Used Chevy in Poorest Rural Mexico |
It is interesting that the less exposure a privileged wealthy country citizen has to the poor nations' marketplace, the more this bastard logic of re-segregation makes sense. If they actually went into the marketplace every day, they would also see that the "added value" to the used car means less to the wealthy than it means to the poor person, and that the motivation they have in squeezing an additional "profit" from the final sale is small. They would see that the more rich people who sell there defines the negotiation and choice (buyers market) of the poor. The wealthy have the same number of hours in a week as a poor person, and want to make transactions more quickly because they have more potential transactions to make. Haggling over the price of a 1997 Honda - which needs a brake job or a replaced windshield - is to the advantage of the poor person because they know many more people who want the car and have potential time to repair the car than the wealthy person does.
Today, torn over the sense of liability and guilt over a legacy of (A) Racism and (B) Colonialism, many wealthy people struggling with the identity politics have come up with a compromise forged in cognitive dissonance.
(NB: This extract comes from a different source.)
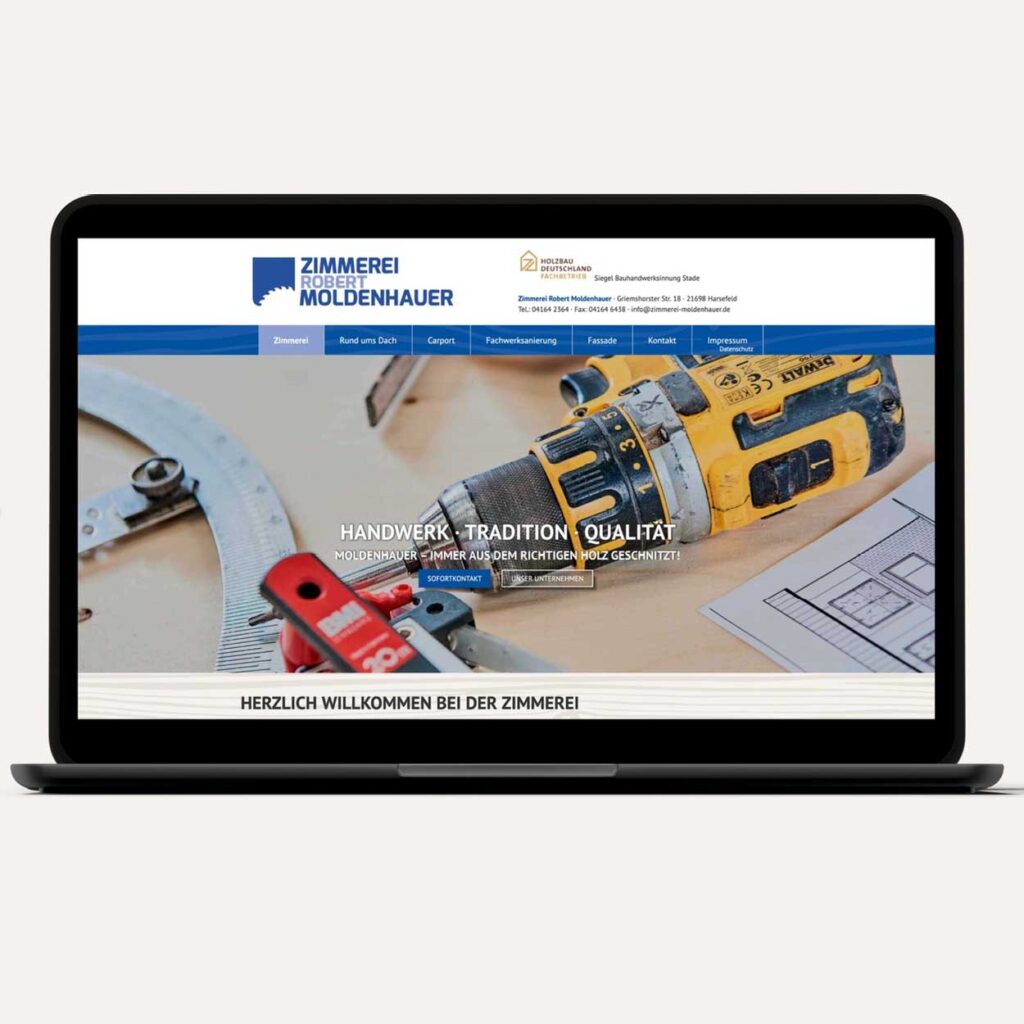 Webdesign für Handwerksbetrieb Zimmerei mit Fokus auf Struktur und Benutzerführung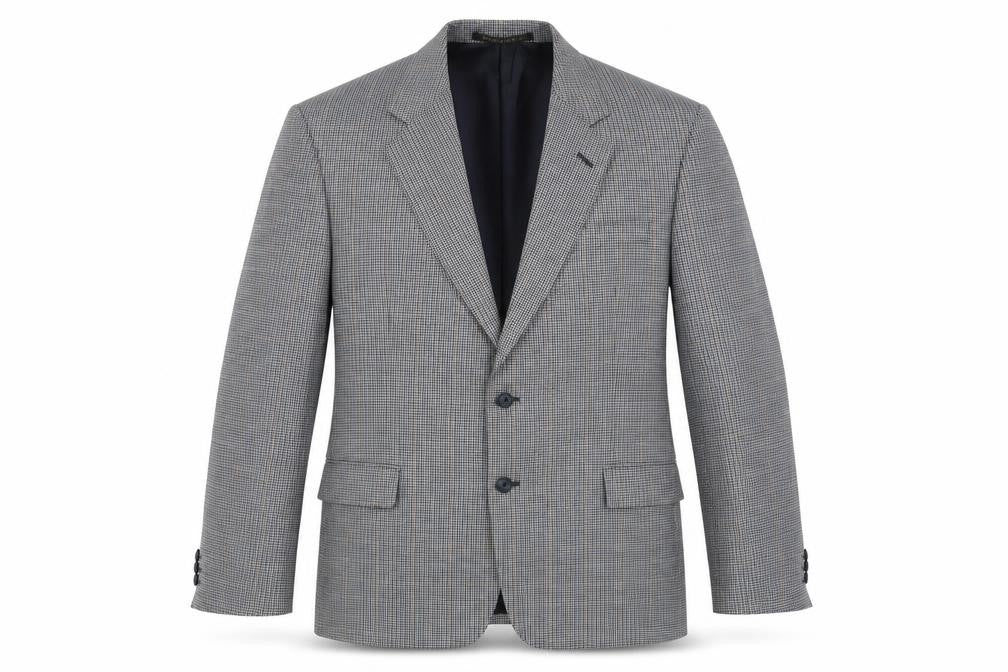 Front view of Marks & Spencer men’s grey geometric wool jacket suit jacket, size M, regular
The wealthy can trade with the poor in the marketplace, but only if they fix the brakes and the windshield first. And the car cannot be older than 2005. This means they have not "boycotted" the poor but can say they have taken steps to mitigate the accusation they imagine to be made against them.
So the wealthy people with less time or expertise or incentive to replace the brakes and windshield are barred from trading it to the brother of an expert African mechanic who makes his living fixing brakes and windshields. More cars go to the shredder, and some cars - less old and in better condition - go to the marketplace hungry for more cars. The price of the used cars go up in the exchange, based on the artificial shortage. Metals from the older broken car remain in the wealthy market.
The rich win. And they get to tell their children at college lectures that they are better than their parents, who traded used equipment in a free market. And they actually expect applause for this "stewardship".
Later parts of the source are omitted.